Après quoi, c'est le choc, Keith Moon pulvérise les falaises de Douvres. Est-ce qu'il existe plus puissant, fou, démoniaque, assassin, plus fantasmagorique que les frappes de Keith Moon sur l'intro de The rock ? Ne vous fatiguez pas à répondre. Je pleure d'un bonheur orgasmique chaque fois que j'entends ces rafales lourdes à faire vaciller Atlas. Les thèmes s'entremêlent, s'opposent et se défient, The rock est une pièce majeure sur le grand échiquier de l'art. I'm one avec Townshend au micro pour un maximum de sensibilité puis The real me, manière de claquer le beignet à toute objection. Quadrophenia est le chef d'oeuvre suprême des 70's. Mieux enregistré, mieux interprété, mieux composé que tout ce à quoi la concurrence a pu prétendre. 

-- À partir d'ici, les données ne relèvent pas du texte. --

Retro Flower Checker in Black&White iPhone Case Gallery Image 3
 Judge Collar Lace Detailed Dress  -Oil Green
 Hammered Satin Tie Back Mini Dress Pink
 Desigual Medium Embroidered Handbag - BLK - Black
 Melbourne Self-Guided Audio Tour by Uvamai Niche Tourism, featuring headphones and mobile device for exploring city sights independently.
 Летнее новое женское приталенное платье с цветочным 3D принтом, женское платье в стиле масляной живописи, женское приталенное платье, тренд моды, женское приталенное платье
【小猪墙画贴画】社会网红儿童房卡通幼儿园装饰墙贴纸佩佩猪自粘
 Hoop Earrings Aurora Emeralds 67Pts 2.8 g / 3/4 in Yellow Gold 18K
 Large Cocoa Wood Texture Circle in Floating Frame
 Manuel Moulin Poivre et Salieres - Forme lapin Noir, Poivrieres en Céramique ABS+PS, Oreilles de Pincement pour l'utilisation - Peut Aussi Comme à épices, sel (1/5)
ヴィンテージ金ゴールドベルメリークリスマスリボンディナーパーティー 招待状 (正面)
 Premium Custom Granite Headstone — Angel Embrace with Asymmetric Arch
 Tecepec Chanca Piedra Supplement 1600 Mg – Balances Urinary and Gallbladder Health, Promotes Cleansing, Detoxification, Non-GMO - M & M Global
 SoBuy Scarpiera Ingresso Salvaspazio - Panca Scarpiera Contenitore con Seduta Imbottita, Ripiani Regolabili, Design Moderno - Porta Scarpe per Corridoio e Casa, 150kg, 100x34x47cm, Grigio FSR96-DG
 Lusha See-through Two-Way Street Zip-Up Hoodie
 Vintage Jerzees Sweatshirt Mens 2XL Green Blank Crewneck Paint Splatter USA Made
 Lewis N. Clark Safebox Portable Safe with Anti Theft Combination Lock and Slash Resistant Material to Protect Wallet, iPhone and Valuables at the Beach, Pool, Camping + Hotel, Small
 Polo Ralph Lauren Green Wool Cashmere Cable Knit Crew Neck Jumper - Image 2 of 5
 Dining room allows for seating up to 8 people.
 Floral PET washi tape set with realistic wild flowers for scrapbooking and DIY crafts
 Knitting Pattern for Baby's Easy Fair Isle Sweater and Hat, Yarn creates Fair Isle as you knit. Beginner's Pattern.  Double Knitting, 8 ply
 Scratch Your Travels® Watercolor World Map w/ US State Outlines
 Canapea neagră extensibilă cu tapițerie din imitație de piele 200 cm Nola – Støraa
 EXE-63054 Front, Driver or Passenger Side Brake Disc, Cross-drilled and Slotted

Cry if you want, swizz, un autre temps fort de It's Hard, disque en montagnes russes. Celle ci ne prétend pas à la stature d'Eminence front et I've known no war, sa seule ambition est de ressusciter les power chords. Ce qui mérite tous les superlatifs. Pause. Avant de plonger dans les profondeurs les plus sombres de l'âme humaine, Blue, red and grey nous gonfle les poumons d'optimisme. Townshend se radine avec son ukulélé et prend le micro pour ce salutaire interlude tout en amour de vivre. Il fallait bien ça avant de s'injecter coup sur coup Underture, cauchemar claustrophobe de près de dix minutes et Cousin Kevin, un morceau si malsain qu'il fait passer Orange Mécanique pour un film de vacances sur la côté basque. Jamais on ne soulignera assez le génie macabre de John Entwistle. Après une telle séance, on est en droit de se demander si il existe encore quelqu'un qui nous veut du bien, quelque part, n'importe où, qu'il se manifeste. Roger se pose la même question sur le glacial How many friends, titre à infusion lente à l'image de l'album The Who By Numbers, dont il est extrait. Et si l'humain subit la souffrance des questions aux réponses cruelles, il n'en a pas l'exclusivité. John Entwistle nous fait partager le mal être d'un androïde avec 905, un morceau dominé par les sons électroniques sans rien perdre d'un feeling qui colle à la peau.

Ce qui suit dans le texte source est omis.